Society hopes Hurst House debacle on way to being resolved

Chesterfield and District Civic Society are hopeful that neglected Hurst House will soon be for sale – one of the first steps in assuring a future for the Grade II listed building on Abercrombie Street, Chesterfield.

Empty since 2014, the property has been part of a wrangle involving the Chesterfield Schools Foundation charity, who owned the property, and transfer of that charity’s assets into a county-wide Foundation Derbyshire charity. The society has been concerned for some time over what it sees as a failure to resolve this and various other issues including the sale of Hurst House. The property has been deteriorating and has recently been the subject of break-in attempts.

Society Chairman Howard Borrell says; ‘I have had a positive discussion with County Councillor Lud Ramsey and the County Council’s Corporate Secretary about Hurst House. Apparently, several months ago it was agreed that the property would be marketed – with action on this now to be chased.  It was also agreed that some remedial work might be carried out to give the property a good chance of being sold.

‘Security issues were also raised with an acceptance that this needs to be improved.  In short, the society is now much more hopeful for the future of this property and hopes it will be soon sold into an owner who will be able to care for it.

Chesterfield and District Civic Society Chairman Howard Borrell (Left) with Society Secretary Frank Gorman outside Hurst House.  

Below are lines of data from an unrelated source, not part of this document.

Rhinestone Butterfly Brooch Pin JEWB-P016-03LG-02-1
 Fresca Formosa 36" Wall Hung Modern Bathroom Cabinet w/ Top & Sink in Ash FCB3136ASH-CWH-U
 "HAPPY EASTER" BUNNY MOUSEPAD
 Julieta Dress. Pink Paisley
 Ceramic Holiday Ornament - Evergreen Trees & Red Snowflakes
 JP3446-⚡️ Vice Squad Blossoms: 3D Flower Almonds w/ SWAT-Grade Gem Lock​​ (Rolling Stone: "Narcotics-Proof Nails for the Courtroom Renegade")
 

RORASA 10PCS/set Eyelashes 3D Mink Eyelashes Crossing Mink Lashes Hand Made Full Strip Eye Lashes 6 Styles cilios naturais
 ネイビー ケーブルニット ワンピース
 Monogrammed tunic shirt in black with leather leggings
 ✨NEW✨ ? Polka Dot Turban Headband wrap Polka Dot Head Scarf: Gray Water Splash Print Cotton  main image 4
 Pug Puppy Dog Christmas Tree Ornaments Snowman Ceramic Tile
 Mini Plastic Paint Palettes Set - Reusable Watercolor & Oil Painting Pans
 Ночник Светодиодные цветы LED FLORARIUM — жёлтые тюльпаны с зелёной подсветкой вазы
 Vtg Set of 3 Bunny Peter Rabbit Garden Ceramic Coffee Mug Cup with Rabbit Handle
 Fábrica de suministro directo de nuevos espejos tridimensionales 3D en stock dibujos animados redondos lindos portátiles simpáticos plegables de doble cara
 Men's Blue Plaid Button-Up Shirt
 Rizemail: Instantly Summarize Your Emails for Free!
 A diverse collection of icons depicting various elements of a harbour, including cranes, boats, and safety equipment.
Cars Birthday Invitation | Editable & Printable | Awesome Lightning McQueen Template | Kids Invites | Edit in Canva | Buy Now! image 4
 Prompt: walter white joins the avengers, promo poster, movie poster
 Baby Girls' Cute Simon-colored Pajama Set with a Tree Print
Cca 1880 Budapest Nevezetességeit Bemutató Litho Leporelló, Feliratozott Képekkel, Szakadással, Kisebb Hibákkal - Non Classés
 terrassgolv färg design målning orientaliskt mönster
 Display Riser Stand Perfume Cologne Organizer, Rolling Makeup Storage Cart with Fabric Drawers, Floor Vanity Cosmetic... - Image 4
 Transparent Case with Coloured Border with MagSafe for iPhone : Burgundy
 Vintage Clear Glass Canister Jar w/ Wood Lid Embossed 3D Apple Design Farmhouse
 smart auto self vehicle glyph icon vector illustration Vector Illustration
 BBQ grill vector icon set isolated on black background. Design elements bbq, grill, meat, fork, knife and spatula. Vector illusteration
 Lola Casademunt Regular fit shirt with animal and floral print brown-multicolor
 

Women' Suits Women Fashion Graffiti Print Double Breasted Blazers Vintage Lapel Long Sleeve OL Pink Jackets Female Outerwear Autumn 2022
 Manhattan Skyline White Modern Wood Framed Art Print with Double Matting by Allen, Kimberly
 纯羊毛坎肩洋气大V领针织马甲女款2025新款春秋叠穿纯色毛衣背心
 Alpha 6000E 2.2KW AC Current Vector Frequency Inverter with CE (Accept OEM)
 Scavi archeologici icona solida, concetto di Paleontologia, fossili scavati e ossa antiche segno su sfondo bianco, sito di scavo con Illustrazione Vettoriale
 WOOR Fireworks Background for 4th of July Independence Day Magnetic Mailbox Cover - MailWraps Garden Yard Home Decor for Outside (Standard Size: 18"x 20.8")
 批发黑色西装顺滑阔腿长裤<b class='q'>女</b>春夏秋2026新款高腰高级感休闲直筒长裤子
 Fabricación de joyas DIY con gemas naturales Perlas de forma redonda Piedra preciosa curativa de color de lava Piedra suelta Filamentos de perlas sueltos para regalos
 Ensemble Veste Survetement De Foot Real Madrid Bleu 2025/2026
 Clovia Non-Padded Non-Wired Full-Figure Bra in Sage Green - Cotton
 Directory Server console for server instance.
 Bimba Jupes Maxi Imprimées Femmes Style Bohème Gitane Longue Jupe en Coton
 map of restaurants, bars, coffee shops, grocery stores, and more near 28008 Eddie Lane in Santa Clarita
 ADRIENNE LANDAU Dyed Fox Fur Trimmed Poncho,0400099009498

Society Hon. Secretary Frank Gorman comments: ‘We remain concerned about various aspects of the charity and its amalgamation. For example, educational grants to applicable Chesterfield people have not been made for some time. The building has also been empty for far too long and repairs should not be charged to the charity but borne by the county council, who have let this situation develop. We are hopeful, though, that this part of the saga, involving Hurst House, is now nearing at least the beginning of the end.’

Built as a private house in about 1840, Hurst House was occupied by Chesterfield Grammar School from 1928 until 1967, later becoming a popular community education centre. It is listed in Historic England’s ‘National Heritage List for England’ and sits within the Abercrombie Street Conservation Area.

The society has pledged to continue monitoring Hurst House, which it sees as an important building in Chesterfield and is currently listed on its own ‘Unloved and Heritage Buildings at Risk’.